Les tentations existent en France, comme l’a montré le débat relancé par l’affaire Flavie Flament sur les crimes sexuels. Ces crimes bénéficient déjà d’une exception, puisque le délai de prescription est de vingt ans à partir de la majorité de la victime. Comme pour les crimes de guerre, nous aurions pu aller plus loin dans ce domaine. Mais il fallait trouver un consensus. L’article 1er dispose que l’action publique se prescrit par vingt ans pour les crimes, par six ans pour les délits et par un an pour les contraventions. Des exceptions restent prévues, comme en matière de terrorisme où la prescription sera de trente ans. Face à la complexité et à la gravité des nouvelles menaces pesant sur notre pays, il se justifie pleinement d’allonger le délai de prescription par rapport au délai de droit commun.
Finalement, seuls les crimes contre l’humanité demeurent imprescriptibles. Certains le regrettent, mais à un moment où le besoin de punir est important, il fallait tenir sur les principes, comme vous le rappeliez, cher Alain Tourret. Faire croire à la victime qu’elle ne pourra faire son deuil qu’en saisissant la justice est une profonde erreur.
Reste la question de l’engorgement des tribunaux : doubler les délais de prescription augmente le nombre d’affaires portées devant la justice.

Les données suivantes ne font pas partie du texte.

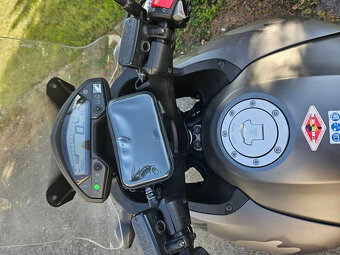 Honda VFR800X - 6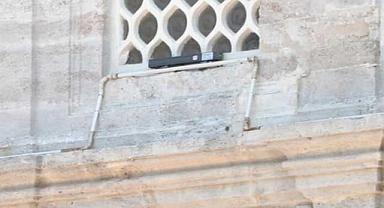 263 Yıllık Ayazma Cami'nde plastik borulu aydınlatma sorunu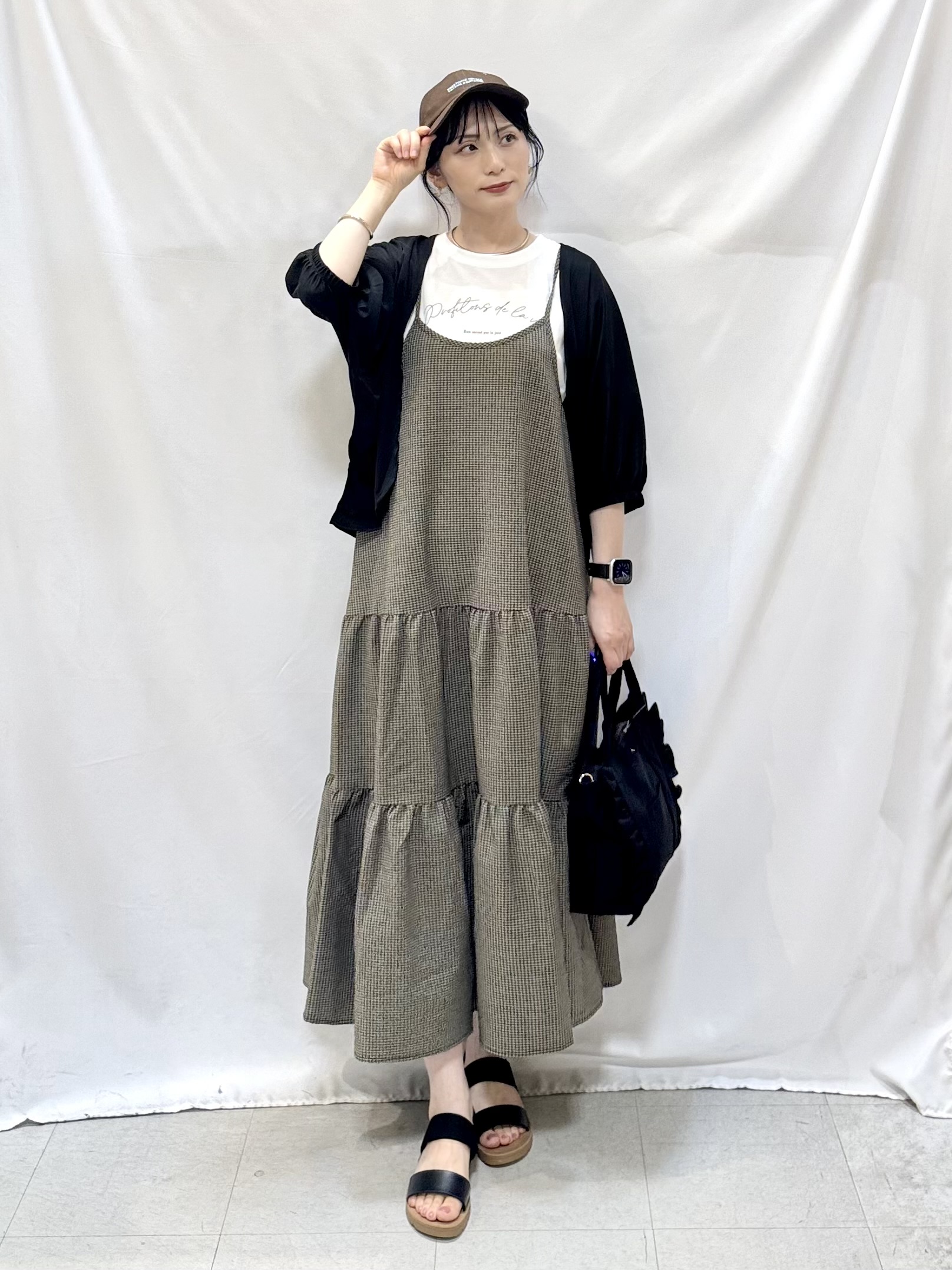 𝐇𝐢𝐫𝐨𝐦𝐢さんの「SHOO･LA･RUE｜【ひんやり/UV/洗濯機可】体型カバーも叶う さらさら五分袖ボレロカーディガン」を使ったコーディネート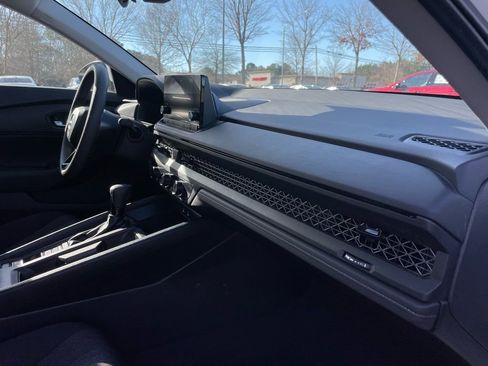 Certified 2025 Honda Accord LX image 32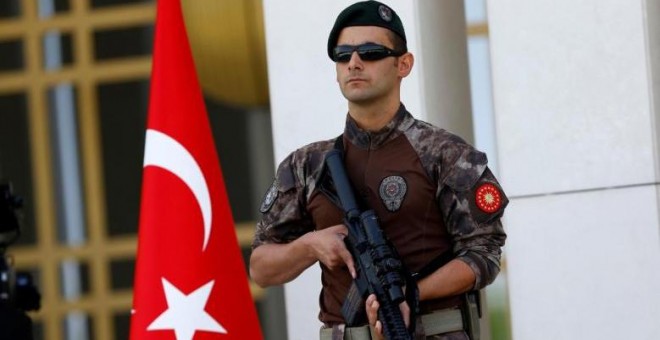 Imagen de archivo de un agente de las fuerzas especiales de la Policía turca. REUTERS/Umit Bektas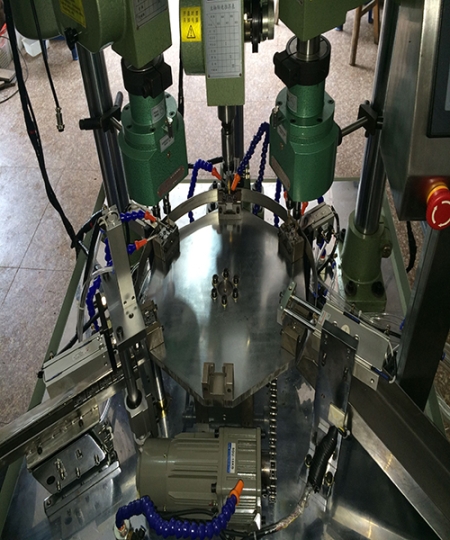 自動(dòng)鉆孔設(shè)備廠家自動(dòng)鉆孔攻牙機(jī)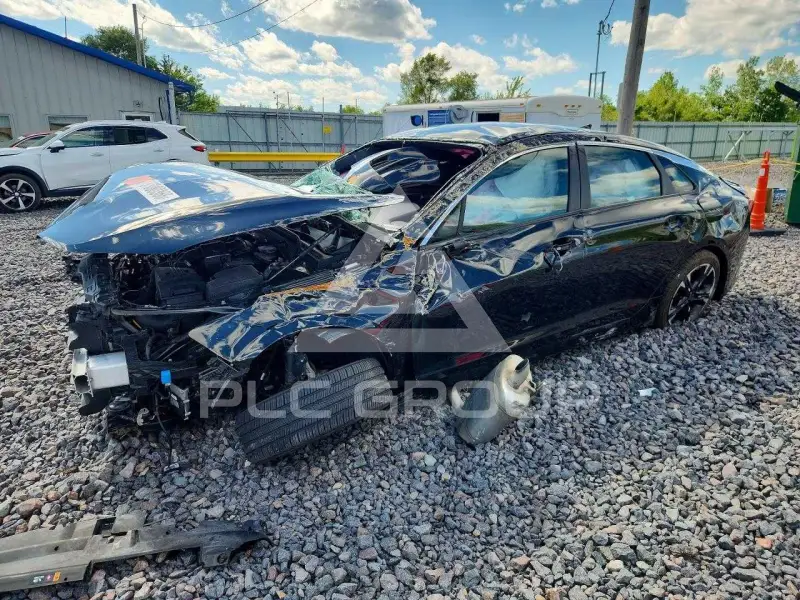 2022 KIA K5 фото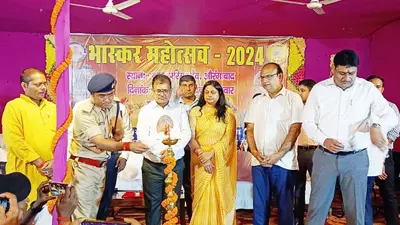Aurangabad News : छठ गीतों से गुलजार हुए घाट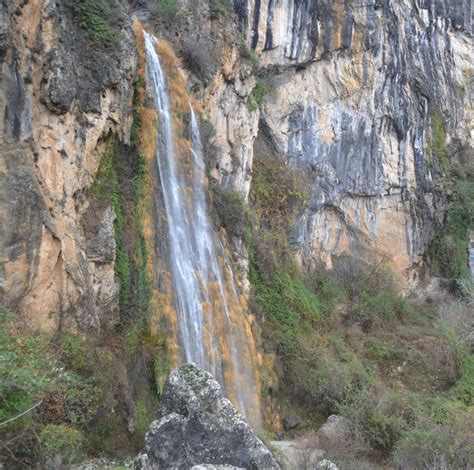 Las mejores Rutas de senderismo con cascadas en Roncobello.
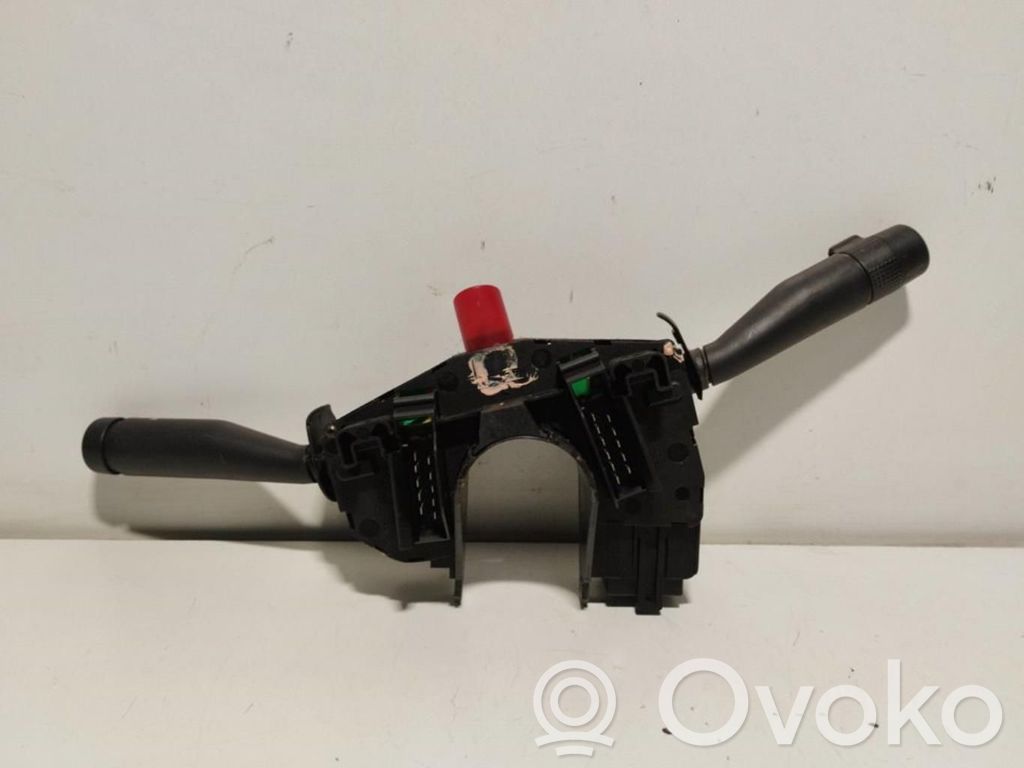 Interruptor de control multifunción   93AG13350AC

La charge de travail induite nécessiterait des moyens supplémentaires importants : la loi de finances pour 2017 les prévoit-elle, monsieur le ministre ? L’application des peines est souvent jugée trop lente par les victimes, comme par les accusés, et je pense à Jean de la Fontaine, natif de Château-Thierry qui, dans sa fable Conseil tenu par les rats, soulignait ce sentiment que la justice souvent se dérobe.
Je ne m’étendrai pas sur la prescription des peines définie aux articles 2 et 3. L’article 4, quant à lui, précise que cette loi ne s’appliquera qu’aux infractions découvertes après sa promulgation.
Ce texte est bienvenu car l’enchevêtrement des conditions et des règles dérogatoires en matière de prescription était, de l’avis de nombreux experts, de nature à affecter la sécurité juridique, en même temps qu’il contrevenait à la double exigence d’accessibilité du droit et de confiance légitime, constitutionnellement ou conventionnellement protégées.
Pour toutes ces raisons, vous l’aurez compris, le groupe radical, républicain, démocrate et progressiste votera ce texte que nous examinons aujourd’hui dans la version adoptée par notre Assemblée le 12 janvier dernier.